[Saved entries]
━━━━━━━━━━━━━━━━
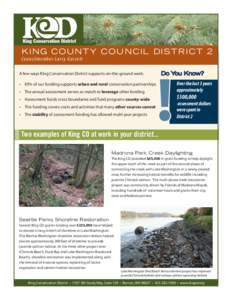 KING COUNTY COUNCIL DISTRICT 2 Co u n c i l m e m b e r La r r y G o s s e t t Do You Know? A few ways King Conservation District supports on-the-ground work: • 85% of our funding supports urban and rural conservation 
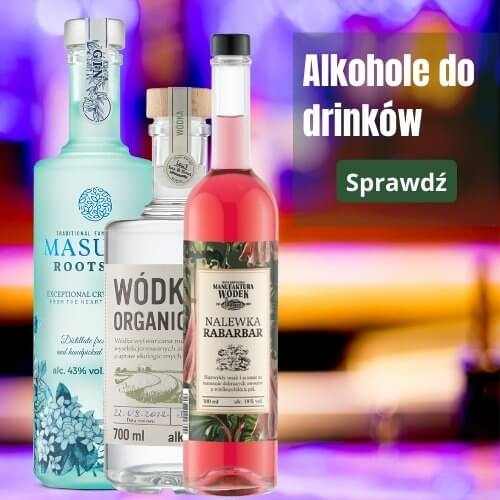 alkohole do drinków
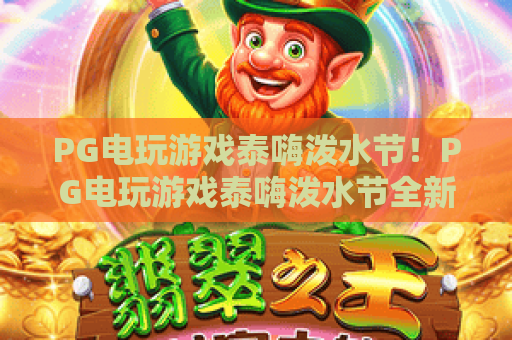 PG电玩游戏泰嗨泼水节!PG电玩游戏泰嗨泼水节全新玩法上线,PG电玩游戏泰嗨泼水节2026夏日狂欢全攻略 PG电玩游戏泰嗨泼水节!PG电玩游戏泰嗨泼水节全新玩法上线,PG电玩游戏泰嗨泼水节2026夏日狂欢全攻略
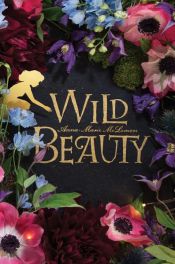 book cover of Wild Beauty by Anna-Marie McLemore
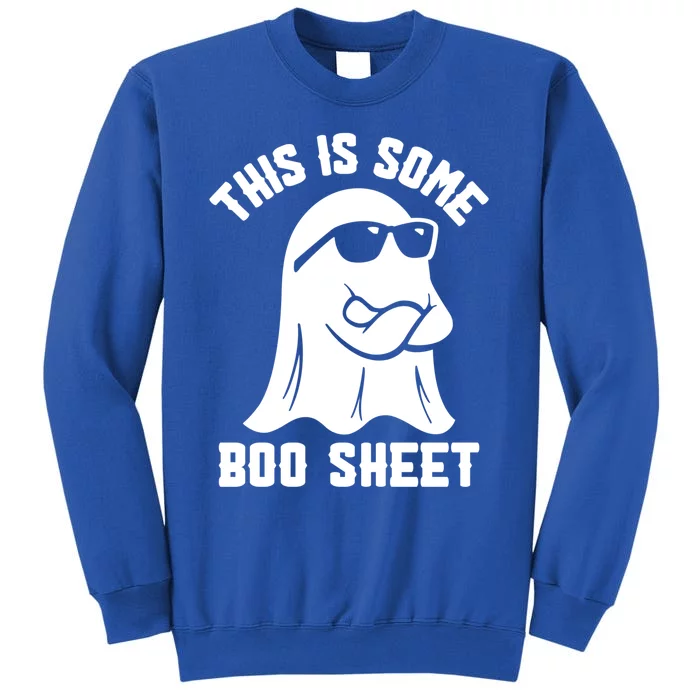 This Is Some Boo Sheet Funny Spooky Boo Ghost Halloween Gift Sweatshirt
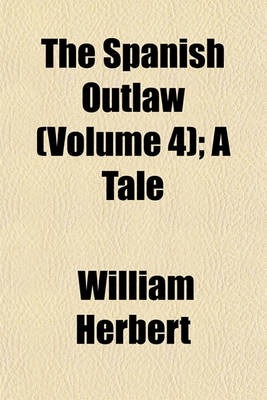 Book cover for The Spanish Outlaw (Volume 4); A Tale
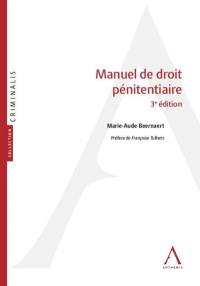 Manuel de droit pénitentiaire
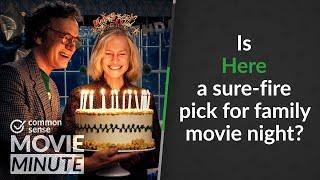 Is Here a sure-fire pick for family movie night? | Common Sense Movie Minute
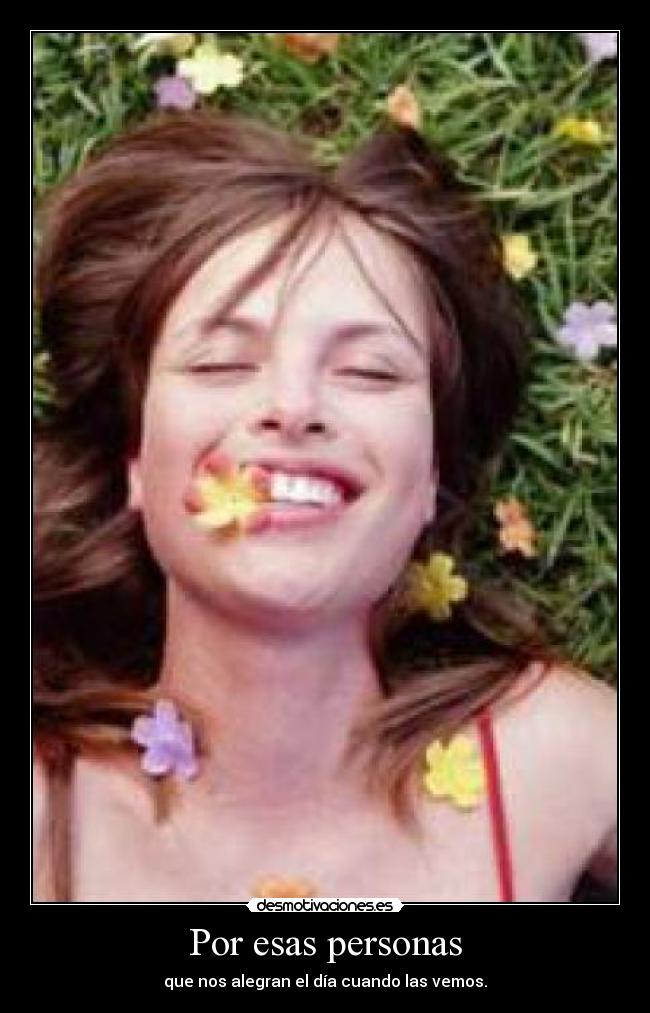 Por esas personas - que nos alegran el día cuando las vemos.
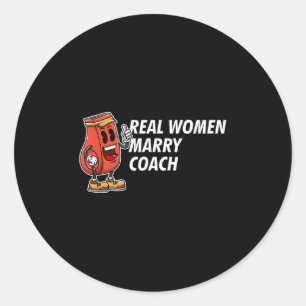 Real Women Marry Coach Funny Coaching Humour Mento Classic Round Sticker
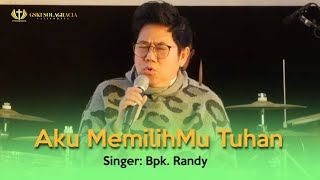 Aku MemilihMu Tuhan | Bpk. Randy | April 9’ 2023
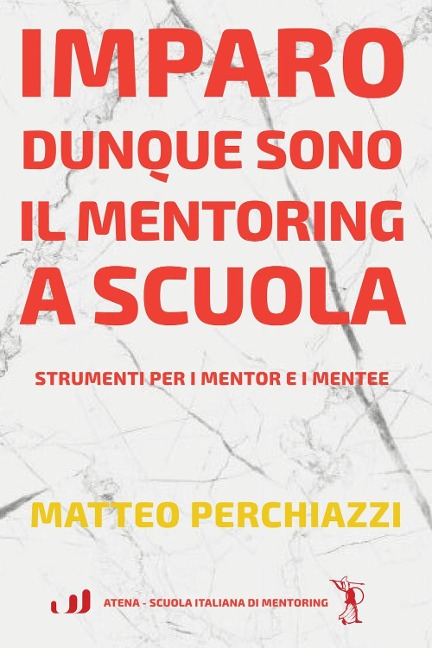 Imparo dunque sono: il mentoring a scuola. Strumenti per mentor e mentee - Matteo Perchiazzi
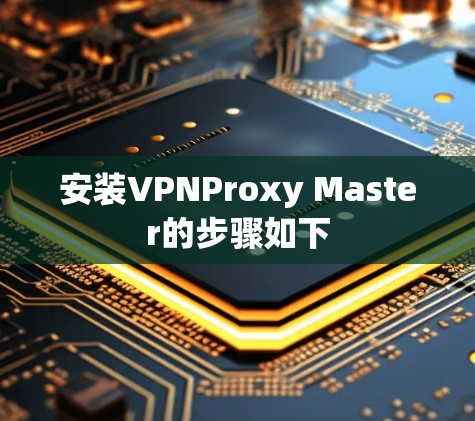 安装VPNProxy Master的步骤如下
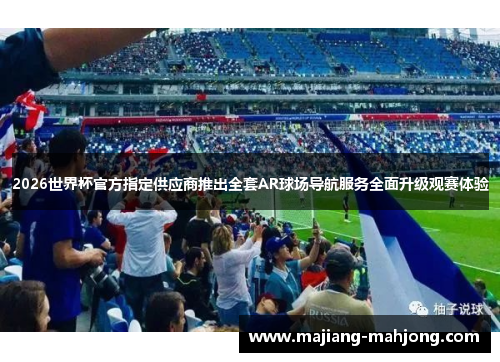 2026世界杯官方指定供应商推出全套AR球场导航服务全面升级观赛体验 2026世界杯官方指定供应商推出全套AR球场导航服务全面升级观赛体验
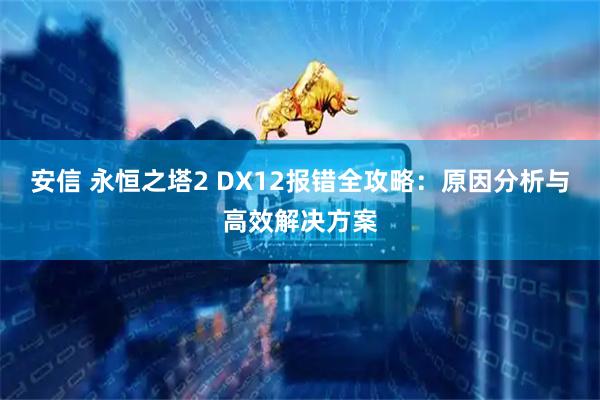 安信 永恒之塔2 DX12报错全攻略：原因分析与高效解决方案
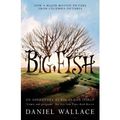 Cover Art for 9780131938359, Big Fish by Daniel Wallace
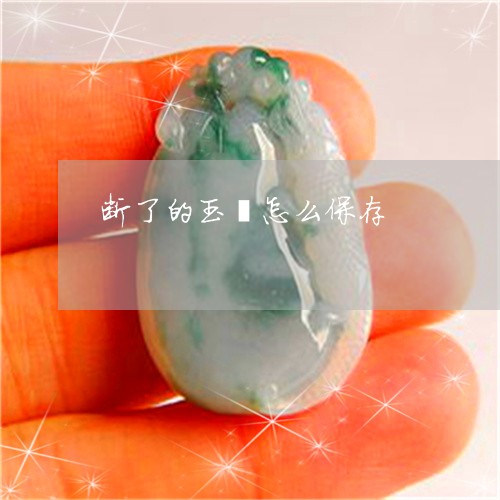 断了的玉镯怎么保存 断了的玉镯怎么保存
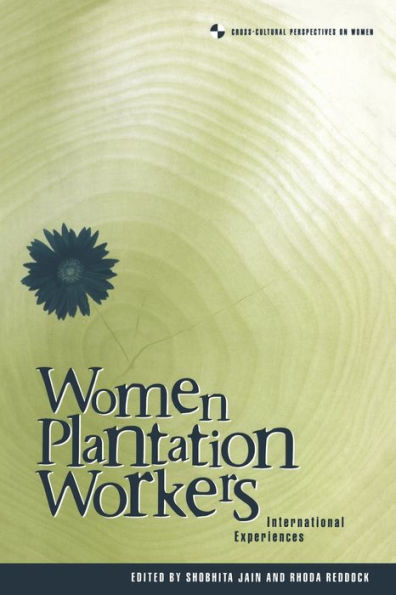 Women Plantation Workers: International Experiences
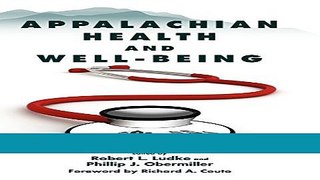 Read Appalachian Health and Well-Being Ebook Free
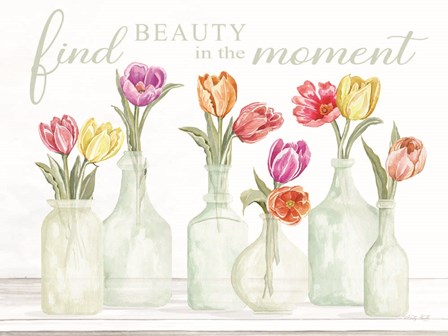 Find Beauty in the Moment by Cindy Jacobs art print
━━━━━━━━━━━━━━━━
Task goal: Exclude the pictures and reproduce every entry exactly.

Reply to the task:
 KING COUNTY COUNCIL DISTRICT 2 Co u n c i l m e m b e r La r r y G o s s e t t Do You Know? A few ways King Conservation District supports on-the-ground work: • 85% of our funding supports urban and rural conservation 
 alkohole do drinków
 PG电玩游戏泰嗨泼水节!PG电玩游戏泰嗨泼水节全新玩法上线,PG电玩游戏泰嗨泼水节2026夏日狂欢全攻略 PG电玩游戏泰嗨泼水节!PG电玩游戏泰嗨泼水节全新玩法上线,PG电玩游戏泰嗨泼水节2026夏日狂欢全攻略
 book cover of Wild Beauty by Anna-Marie McLemore
 This Is Some Boo Sheet Funny Spooky Boo Ghost Halloween Gift Sweatshirt
 Book cover for The Spanish Outlaw (Volume 4); A Tale
 Manuel de droit pénitentiaire
 Is Here a sure-fire pick for family movie night? | Common Sense Movie Minute
 Por esas personas - que nos alegran el día cuando las vemos.
 Real Women Marry Coach Funny Coaching Humour Mento Classic Round Sticker
 Aku MemilihMu Tuhan | Bpk. Randy | April 9’ 2023
 Imparo dunque sono: il mentoring a scuola. Strumenti per mentor e mentee - Matteo Perchiazzi
 安装VPNProxy Master的步骤如下
 2026世界杯官方指定供应商推出全套AR球场导航服务全面升级观赛体验 2026世界杯官方指定供应商推出全套AR球场导航服务全面升级观赛体验
 安信 永恒之塔2 DX12报错全攻略：原因分析与高效解决方案
 Cover Art for 9780131938359, Big Fish by Daniel Wallace
 断了的玉镯怎么保存 断了的玉镯怎么保存
 Women Plantation Workers: International Experiences
 Read Appalachian Health and Well-Being Ebook Free
 Find Beauty in the Moment by Cindy Jacobs art print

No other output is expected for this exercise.